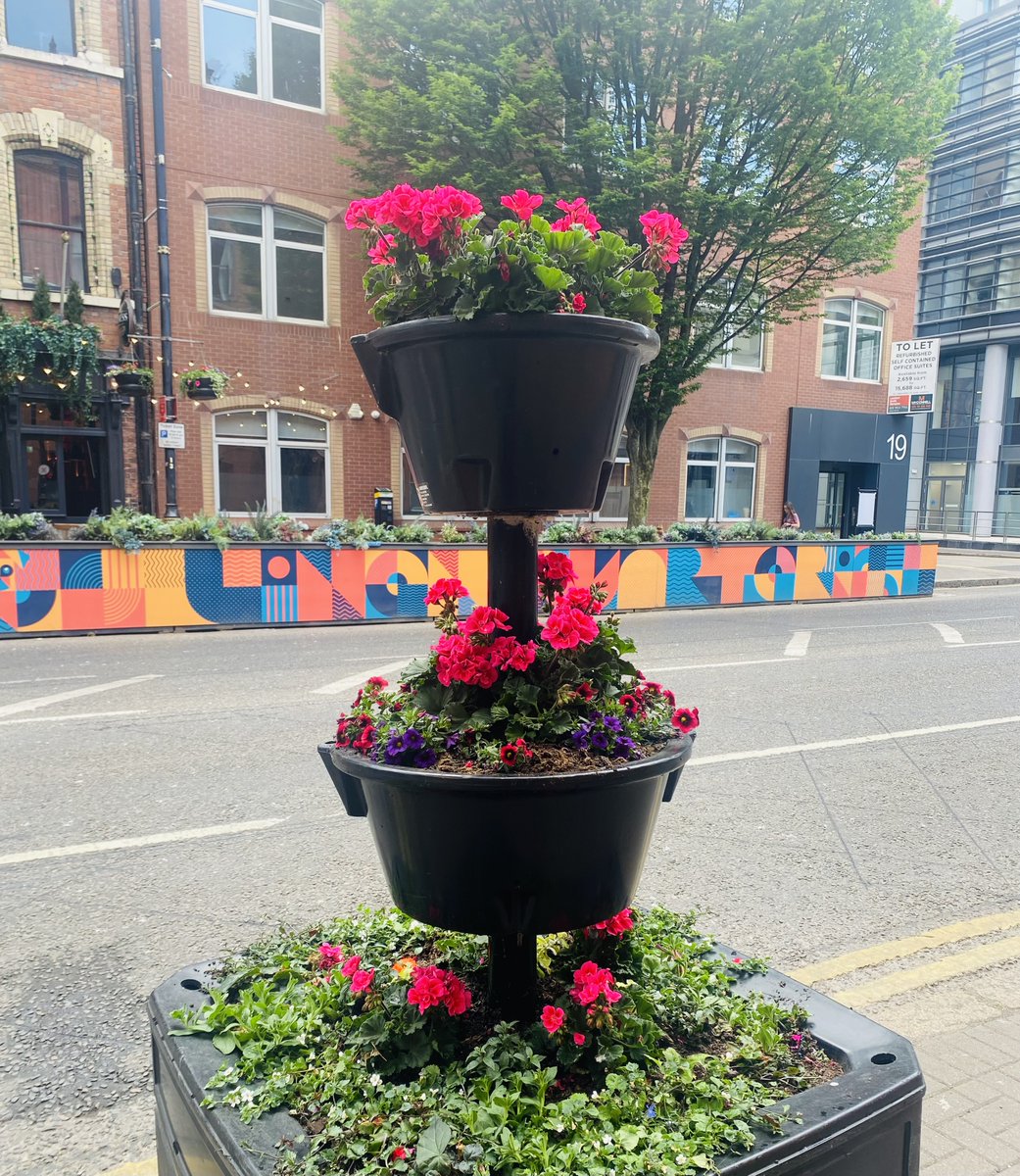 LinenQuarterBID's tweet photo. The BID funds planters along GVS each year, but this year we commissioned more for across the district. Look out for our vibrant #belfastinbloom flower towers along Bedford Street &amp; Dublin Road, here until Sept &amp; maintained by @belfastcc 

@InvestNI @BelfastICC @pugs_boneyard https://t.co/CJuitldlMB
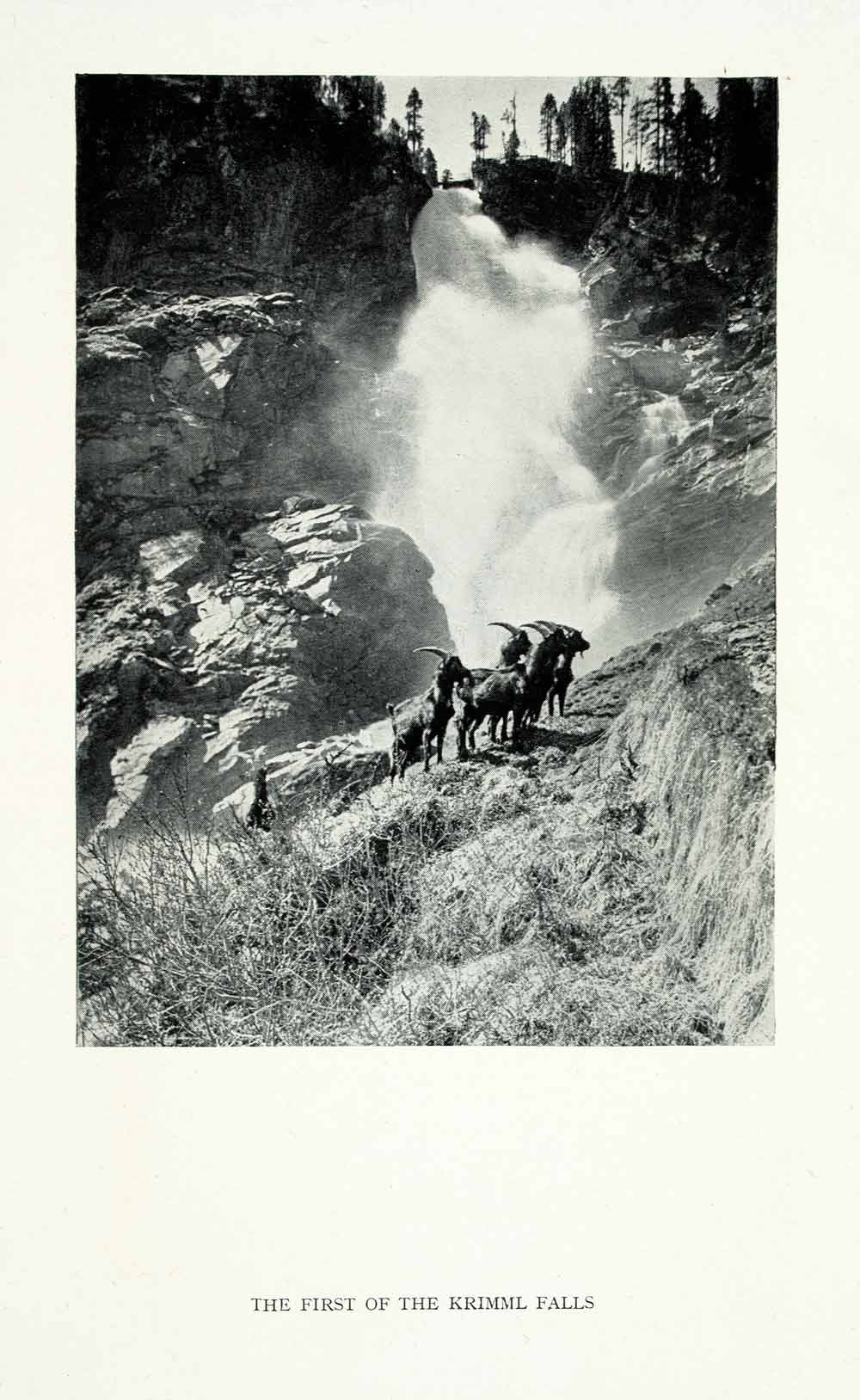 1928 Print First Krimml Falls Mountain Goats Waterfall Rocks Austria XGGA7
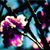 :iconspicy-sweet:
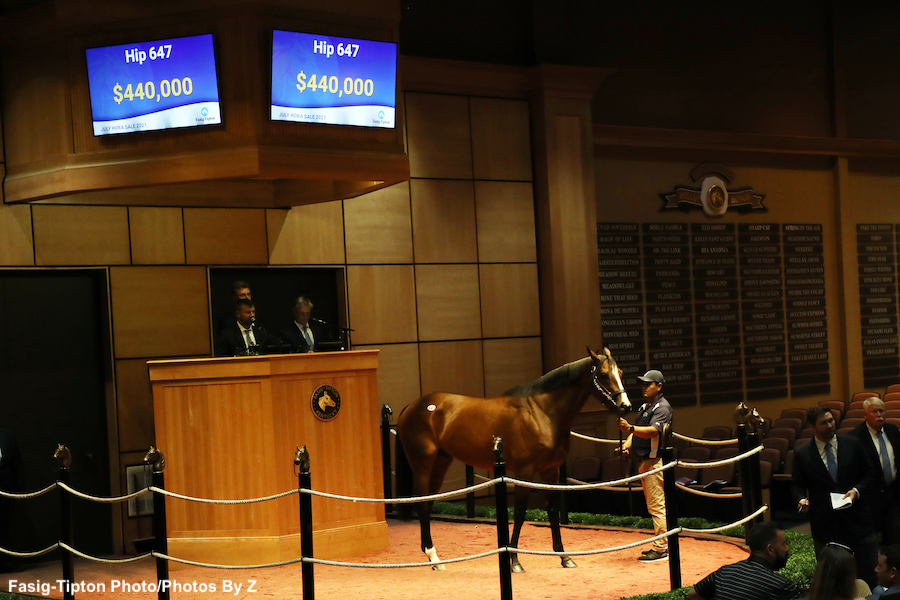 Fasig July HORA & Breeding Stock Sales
---
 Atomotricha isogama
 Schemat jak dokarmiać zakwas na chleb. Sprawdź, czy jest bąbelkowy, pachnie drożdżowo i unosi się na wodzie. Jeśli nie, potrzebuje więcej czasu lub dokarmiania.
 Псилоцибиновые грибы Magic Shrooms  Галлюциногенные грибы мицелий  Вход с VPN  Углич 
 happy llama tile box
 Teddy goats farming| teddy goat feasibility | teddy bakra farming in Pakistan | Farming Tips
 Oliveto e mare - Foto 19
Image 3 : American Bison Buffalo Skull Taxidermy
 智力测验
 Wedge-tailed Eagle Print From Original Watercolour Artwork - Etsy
--
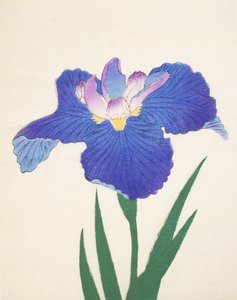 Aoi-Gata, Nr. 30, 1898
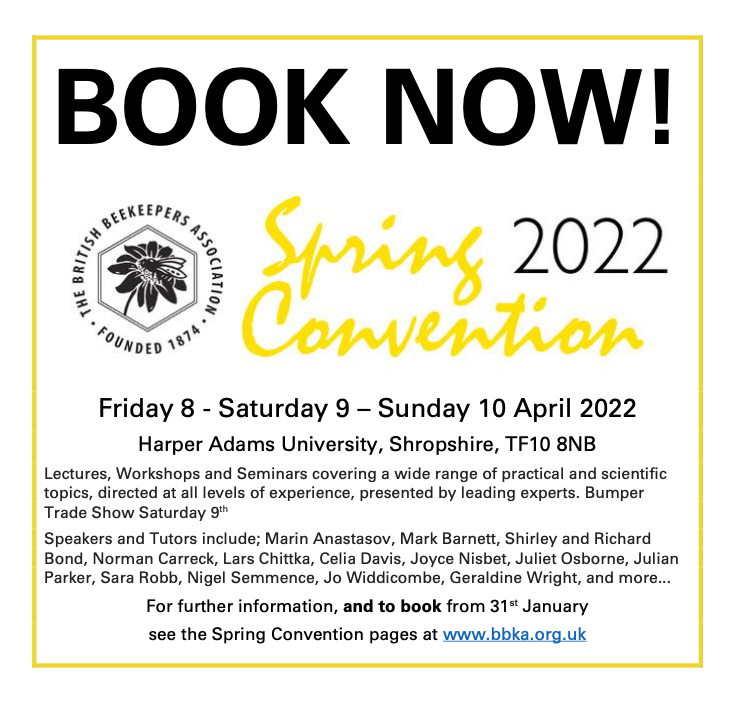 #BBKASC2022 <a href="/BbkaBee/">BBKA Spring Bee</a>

== What you should do ==
Would you quote everything above from the line containing "happy llama tile box" down to the line containing "Wedge-tailed Eagle Print"? Include both of those lines and nothing else.

== Response to this task ==
 happy llama tile box
 Teddy goats farming| teddy goat feasibility | teddy bakra farming in Pakistan | Farming Tips
 Oliveto e mare - Foto 19
Image 3 : American Bison Buffalo Skull Taxidermy
 智力测验
 Wedge-tailed Eagle Print From Original Watercolour Artwork - Etsy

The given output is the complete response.